Market Company Kalshi Faces New Class Action Over Sports Betting Claims

A group of customers has filed a lawsuit against Kalshi Inc., claiming the prediction market illegally operates as a sports bookmaker and deceives users about how it conducts business.

Seven users brought the case to a New York court on Wednesday. They say the company tricks customers by calling itself a provider of “legal sports betting” even though it does not hold gambling licenses in any state.

The lawsuit also targets Kalshi Trading, which the customers say works as a market-maker that creates betting odds that work against regular users.

“When consumers place bets on Kalshi, they face off against money provided by a sophisticated market maker on the other side of the ledger,” the users bringing the lawsuit said. “Market makers make it possible for consumers to place illegal, unregulated wagers against the House.”

The legal firm Lieff Cabraser Heimann & Bernstein filed the proposed class action. This adds to Kalshi’s growing legal troubles, as state gambling officials and Native American tribal groups have already sued the company for allegedly running illegal sports betting operations.

Kalshi maintains it operates a derivatives market that falls under federal oversight from the Commodity Futures Trading Commission, not state gambling laws.

Kalshi defends its business model

Luana Lopes Lara, who co-founded Kalshi, responded to the lawsuit on social media Friday. She said the claims were “false and reveal a fundamental” misunderstanding of how the company’s markets operate.

“Like any financial exchange, we have market makers that compete openly against each other and help bootstrap liquidity,” Lopes Lara explained. She added that working with connected trading desks to create liquidity and bring in more trading was a “common and regulated practice” in prediction markets, and these partners got “no preferential treatment” on the platform.

Courts weigh in on prediction market regulation

The company recently lost an important court battle when a federal judge in Nevada decided that state regulators could oversee Kalshi’s operations. The company has asked for an emergency order to stop that ruling from taking effect.
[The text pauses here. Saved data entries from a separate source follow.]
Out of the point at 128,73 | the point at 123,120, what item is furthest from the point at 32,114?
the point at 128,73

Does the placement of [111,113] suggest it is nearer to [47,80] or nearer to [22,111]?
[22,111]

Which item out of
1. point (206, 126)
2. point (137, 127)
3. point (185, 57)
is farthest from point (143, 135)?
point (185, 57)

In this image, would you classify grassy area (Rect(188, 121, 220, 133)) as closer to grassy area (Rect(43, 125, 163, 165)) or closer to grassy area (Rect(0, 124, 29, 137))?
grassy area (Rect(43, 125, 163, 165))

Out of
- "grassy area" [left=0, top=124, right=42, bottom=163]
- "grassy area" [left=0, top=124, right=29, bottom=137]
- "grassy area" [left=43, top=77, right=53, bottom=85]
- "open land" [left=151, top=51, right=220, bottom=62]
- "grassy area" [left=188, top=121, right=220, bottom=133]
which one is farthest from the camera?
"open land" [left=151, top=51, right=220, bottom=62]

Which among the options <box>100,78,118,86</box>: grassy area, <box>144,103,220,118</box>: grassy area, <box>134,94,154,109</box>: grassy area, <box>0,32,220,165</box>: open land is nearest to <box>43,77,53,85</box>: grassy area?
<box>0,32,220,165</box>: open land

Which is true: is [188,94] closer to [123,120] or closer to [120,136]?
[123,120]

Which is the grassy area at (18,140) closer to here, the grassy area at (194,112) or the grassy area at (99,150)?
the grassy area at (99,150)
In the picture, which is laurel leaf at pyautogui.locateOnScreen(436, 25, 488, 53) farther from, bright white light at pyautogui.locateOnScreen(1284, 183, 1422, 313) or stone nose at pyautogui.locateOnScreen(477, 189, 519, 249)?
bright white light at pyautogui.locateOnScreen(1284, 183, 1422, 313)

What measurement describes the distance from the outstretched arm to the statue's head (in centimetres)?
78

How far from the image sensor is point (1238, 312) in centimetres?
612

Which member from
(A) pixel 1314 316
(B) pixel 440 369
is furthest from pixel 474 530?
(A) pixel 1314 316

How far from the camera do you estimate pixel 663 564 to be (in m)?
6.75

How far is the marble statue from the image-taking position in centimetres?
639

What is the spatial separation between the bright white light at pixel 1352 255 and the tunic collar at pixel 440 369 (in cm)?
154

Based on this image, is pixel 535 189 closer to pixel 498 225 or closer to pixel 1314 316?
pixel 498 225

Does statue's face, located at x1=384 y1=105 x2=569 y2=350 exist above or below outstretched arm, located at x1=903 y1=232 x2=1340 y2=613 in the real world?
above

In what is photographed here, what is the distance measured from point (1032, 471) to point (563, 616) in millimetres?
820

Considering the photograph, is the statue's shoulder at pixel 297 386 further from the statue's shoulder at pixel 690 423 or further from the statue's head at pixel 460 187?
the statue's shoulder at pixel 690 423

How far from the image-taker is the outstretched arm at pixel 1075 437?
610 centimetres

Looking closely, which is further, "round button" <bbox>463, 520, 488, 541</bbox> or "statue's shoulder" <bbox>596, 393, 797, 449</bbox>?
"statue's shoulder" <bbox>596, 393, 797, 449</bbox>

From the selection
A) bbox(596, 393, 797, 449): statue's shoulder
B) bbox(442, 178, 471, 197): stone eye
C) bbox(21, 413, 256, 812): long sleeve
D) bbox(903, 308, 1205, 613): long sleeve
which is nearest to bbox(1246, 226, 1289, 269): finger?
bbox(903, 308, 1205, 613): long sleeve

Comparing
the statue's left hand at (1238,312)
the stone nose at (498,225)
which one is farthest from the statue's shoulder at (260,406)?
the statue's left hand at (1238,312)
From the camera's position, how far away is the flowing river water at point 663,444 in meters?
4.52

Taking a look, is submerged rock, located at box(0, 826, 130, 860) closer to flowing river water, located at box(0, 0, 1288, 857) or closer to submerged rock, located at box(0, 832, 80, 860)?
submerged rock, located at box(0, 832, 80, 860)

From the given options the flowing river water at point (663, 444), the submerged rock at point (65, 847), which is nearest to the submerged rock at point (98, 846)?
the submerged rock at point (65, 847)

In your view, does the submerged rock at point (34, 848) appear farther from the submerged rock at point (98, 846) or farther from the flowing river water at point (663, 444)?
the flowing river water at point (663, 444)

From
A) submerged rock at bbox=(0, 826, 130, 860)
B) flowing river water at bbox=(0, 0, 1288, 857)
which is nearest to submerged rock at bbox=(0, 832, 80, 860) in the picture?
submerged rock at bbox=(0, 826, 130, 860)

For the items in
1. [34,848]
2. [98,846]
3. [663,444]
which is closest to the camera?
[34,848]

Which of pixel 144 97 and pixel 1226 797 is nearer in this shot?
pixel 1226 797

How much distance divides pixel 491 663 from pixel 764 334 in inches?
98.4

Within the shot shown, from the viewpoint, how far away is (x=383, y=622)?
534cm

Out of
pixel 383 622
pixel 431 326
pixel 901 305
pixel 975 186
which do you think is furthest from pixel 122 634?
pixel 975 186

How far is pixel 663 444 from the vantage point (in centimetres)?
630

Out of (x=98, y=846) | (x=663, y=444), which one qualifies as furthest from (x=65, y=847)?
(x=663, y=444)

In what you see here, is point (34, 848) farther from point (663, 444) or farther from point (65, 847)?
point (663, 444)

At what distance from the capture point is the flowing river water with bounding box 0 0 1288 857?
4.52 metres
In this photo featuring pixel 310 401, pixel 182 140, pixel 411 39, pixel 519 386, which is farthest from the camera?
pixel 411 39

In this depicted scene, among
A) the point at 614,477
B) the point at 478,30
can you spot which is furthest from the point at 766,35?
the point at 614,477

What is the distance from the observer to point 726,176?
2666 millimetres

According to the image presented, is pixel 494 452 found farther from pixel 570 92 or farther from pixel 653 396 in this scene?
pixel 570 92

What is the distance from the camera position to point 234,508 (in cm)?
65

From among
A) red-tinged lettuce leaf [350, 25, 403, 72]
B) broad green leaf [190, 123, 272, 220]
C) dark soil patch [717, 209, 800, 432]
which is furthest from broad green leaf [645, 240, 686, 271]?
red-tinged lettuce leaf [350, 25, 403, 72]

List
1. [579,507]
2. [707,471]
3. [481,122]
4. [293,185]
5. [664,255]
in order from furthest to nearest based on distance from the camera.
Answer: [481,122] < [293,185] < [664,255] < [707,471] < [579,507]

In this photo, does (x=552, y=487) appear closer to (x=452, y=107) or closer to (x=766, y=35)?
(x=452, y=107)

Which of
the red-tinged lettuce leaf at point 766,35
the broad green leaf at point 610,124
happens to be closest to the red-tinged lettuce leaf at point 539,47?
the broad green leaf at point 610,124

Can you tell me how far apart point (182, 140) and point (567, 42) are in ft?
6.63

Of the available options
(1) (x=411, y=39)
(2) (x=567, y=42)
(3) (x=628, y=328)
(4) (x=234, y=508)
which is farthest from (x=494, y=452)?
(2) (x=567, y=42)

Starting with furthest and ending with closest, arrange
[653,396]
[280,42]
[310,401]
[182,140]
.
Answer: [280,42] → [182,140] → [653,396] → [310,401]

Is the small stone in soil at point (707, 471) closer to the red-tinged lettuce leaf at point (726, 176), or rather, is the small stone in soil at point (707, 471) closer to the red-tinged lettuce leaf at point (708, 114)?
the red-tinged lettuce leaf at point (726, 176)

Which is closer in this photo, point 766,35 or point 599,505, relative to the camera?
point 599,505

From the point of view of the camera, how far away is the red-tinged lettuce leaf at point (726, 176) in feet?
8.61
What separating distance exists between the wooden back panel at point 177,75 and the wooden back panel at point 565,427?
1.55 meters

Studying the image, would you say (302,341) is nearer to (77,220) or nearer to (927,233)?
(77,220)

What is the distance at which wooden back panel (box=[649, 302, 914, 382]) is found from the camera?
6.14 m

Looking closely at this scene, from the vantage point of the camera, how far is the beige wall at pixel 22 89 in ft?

The new class action states: “By operating unlicensed sports betting, Kalshi has violated gambling laws, engaged in illegal deceptive activity, and unjustly enriched itself at the expense of tens of thousands of consumers.” The lawsuit does not say whether the seven people who filed it lost money on sports bets, only that they did not know the company allegedly ran an unlicensed sportsbook.

Under CFTC rules, event contracts count as a type of swap where traders bet money on yes-or-no outcomes. Winners typically earn one dollar per contract, while losers get nothing. Traders can risk thousands of dollars on these bets, which could lead to big profits or total losses.

However, critics like US District Judge Andrew Gordon say Kalshi is pushing the definition too far.

“Event contracts that turn on the outcomes of sporting events are not swaps and thus do not fall within the CFTC’s exclusive jurisdiction,” Gordon wrote in his order placing the company under Nevada regulation. “Kalshi relies on a strained reading of the already convoluted Commodities Exchange Act (CEA) in an attempt to evade state regulation.”

At least five other courts nationwide are currently handling similar disputes over prediction markets and state gambling rules.